Esproprio pochi mesi fa era un libro pronto. Frutto del lavoro di 6 anni di scritture. Rimozioni. Correzioni. Un libro pronto. Con un titolo. Una suddivisione ragionata in sezioni. E un editore1. Era pronto per la pubblicazione. Un libro denso di vita e di pensiero, almeno nella mia percezione.

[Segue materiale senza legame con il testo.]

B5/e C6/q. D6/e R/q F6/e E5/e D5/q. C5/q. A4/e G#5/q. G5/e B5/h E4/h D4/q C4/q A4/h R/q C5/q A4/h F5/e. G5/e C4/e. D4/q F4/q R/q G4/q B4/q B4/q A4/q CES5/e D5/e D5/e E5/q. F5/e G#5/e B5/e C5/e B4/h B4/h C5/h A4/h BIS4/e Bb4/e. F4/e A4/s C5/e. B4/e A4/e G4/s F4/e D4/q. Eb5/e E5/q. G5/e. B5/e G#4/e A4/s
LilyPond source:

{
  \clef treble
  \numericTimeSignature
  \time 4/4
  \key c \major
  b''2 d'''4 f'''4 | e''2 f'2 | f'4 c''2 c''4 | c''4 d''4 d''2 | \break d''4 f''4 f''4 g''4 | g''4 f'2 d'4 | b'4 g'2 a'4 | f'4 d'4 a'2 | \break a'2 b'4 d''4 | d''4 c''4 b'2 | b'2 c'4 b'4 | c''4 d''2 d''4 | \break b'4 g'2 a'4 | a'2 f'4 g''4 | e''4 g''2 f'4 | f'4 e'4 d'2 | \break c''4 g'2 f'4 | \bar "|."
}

Denso appunto. Forse troppo. Fatalmente persuaso di sé. Compiaciuto anche nel dolore. Consegnato a una tensione tra mito ed esperienza che non recava più traccia di alcuna reale catastrofe. Ecco perché ho deciso di farvi calare sopra un polveroso temporale estivo. Ho voluto vedere cosa restava. E sono rimaste in piedi 11 liriche. Liriche in cui il mito esiste drammaticamente solo nel nome proprio delle figure dell’esistenza terrestre, nella soffitta della memoria. Lascio in lettura un componimento. Ringraziando per l’opportunità.
Osservo le tracce,
i segni terrestri
di quando sedevi
al dattilo della mia vita –
o forse del soggiorno
– e poggiavi la schiena
sulla tiepida pietra del pavimento.
Ci siamo sfilati gli occhiali,
stavano fianco a fianco,
per questo pensavo
a come le cose – no:
le tue cose, e le mie –
possono raccontare di noi
più delle nostre
smilze molecole di parole.
Oggi stringo un nodo al fazzoletto,
per ricordarmi
di quello che ancora ha da essere
e di quello che avviene.
Ti vedo poggiare la cornetta all’orecchio
e declamare vaticinî
e arrivare alle cose
sempre di lato
dove massima è la luce
e massima l’ombra.
«Io sono così», sembri dire,
come se una danza antica
potesse parlare di sé,
e faccio ritorno
a una domenica mattina del secolo ventesimo:
l’abitacolo del padre
arriva in orario,
lo Spalding è stato gonfiato
e tutto deve ancora succedere.
MB 2/7/21
[1]Piccolo inciso. Qualunque poeta, anche assai più blasonato e talentuoso di me, sa bene quanto non sia facile trovare un editore, sempre che non si sia disponibili a quel gesto tanto pessimo quanto contraddittorio che consiste nel pagare per pubblicare, anche se non soprattutto quando la transazione è formalizzata nella pratica troiesca dell’acquisto di copie che all’autore non servono e che palesemente motivano solo una dazione di denaro che, come basamento motivante, sostituisce il mestiere stesso dell’editore, che non è tanto quello di stampare e promuovere, quanto quello di scegliere (e di escludere).